WASHINGTON — Sharon Pratt was the first African-American woman to be elected mayor of Washington, D.C. She is also universally blamed for one of the most unpopular decisions in local sports history: the Washington football team's move from the District to Prince George's County.
Pratt says at the time even friends and family pushed her to get a stadium deal done.
“I faithfully watched them. I loved them,” Pratt said.
“My father had two tickets he was a season-ticket holder. He wanted it to stay.”
Sharon Pratt may have broken race and gender barriers when she was elected D.C.’s mayor but she says that did not help her with Washington franchise's owner Jack Kent Cooke, as he brokered a deal for the team’s new football stadium in the early 1990s.
“A race factor and a gender factor. I'd say gender was even more of a factor,” Pratt said in an interview this month from her office in Northwest D.C.

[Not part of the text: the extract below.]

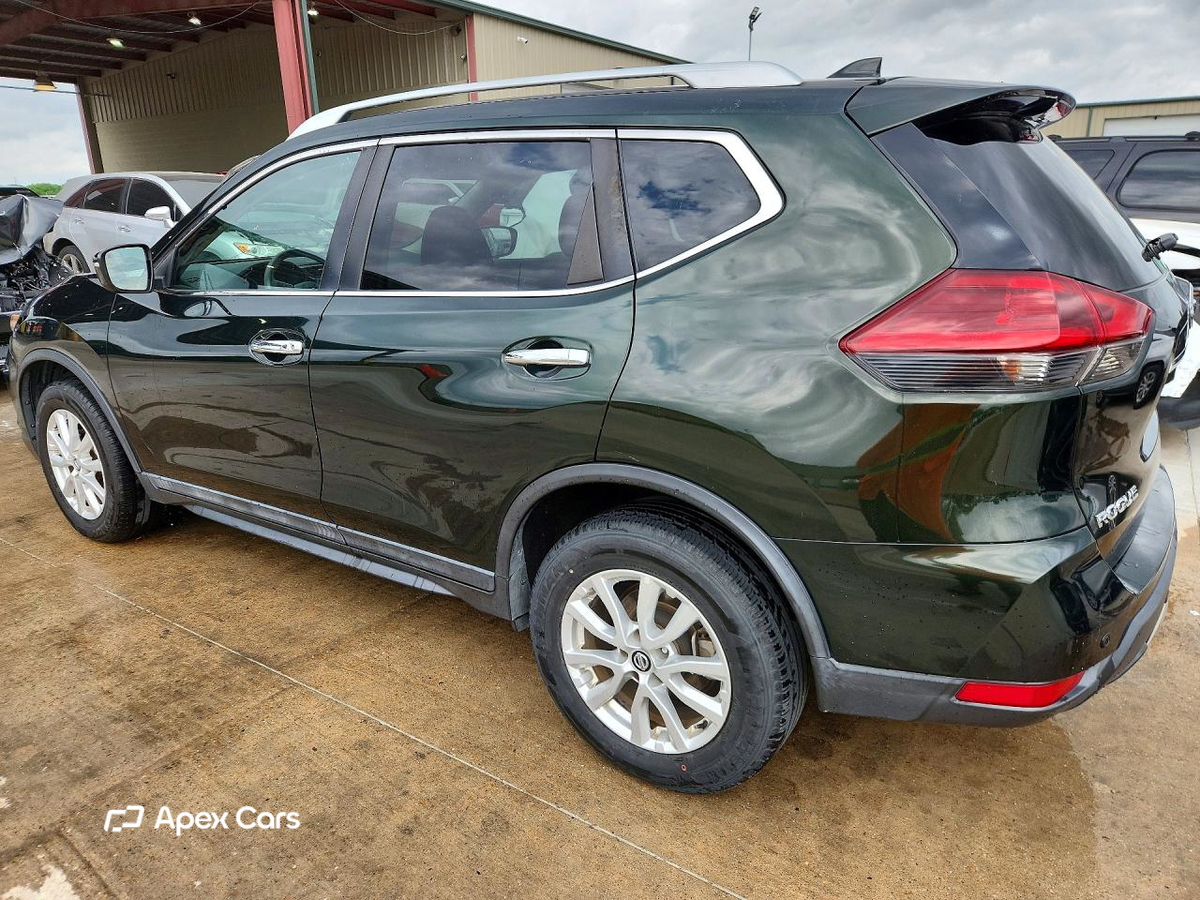 Nissan Rogue 2020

“I didn't get it. I didn't understand the importance of football. I didn't understand the machinations of football,” Pratt said, adding her critics also accused her of not understanding the supposed economic boom a new stadium would bring.
In fact, Pratt said that couldn’t have been further from the truth. She launched the negotiations to lure the then-Washington Bullets from the team's home in Landover, Maryland, to D.C.’s Chinatown district because of the financial upside she saw in a new downtown basketball arena with more than 40 home dates, plus concerts and other events.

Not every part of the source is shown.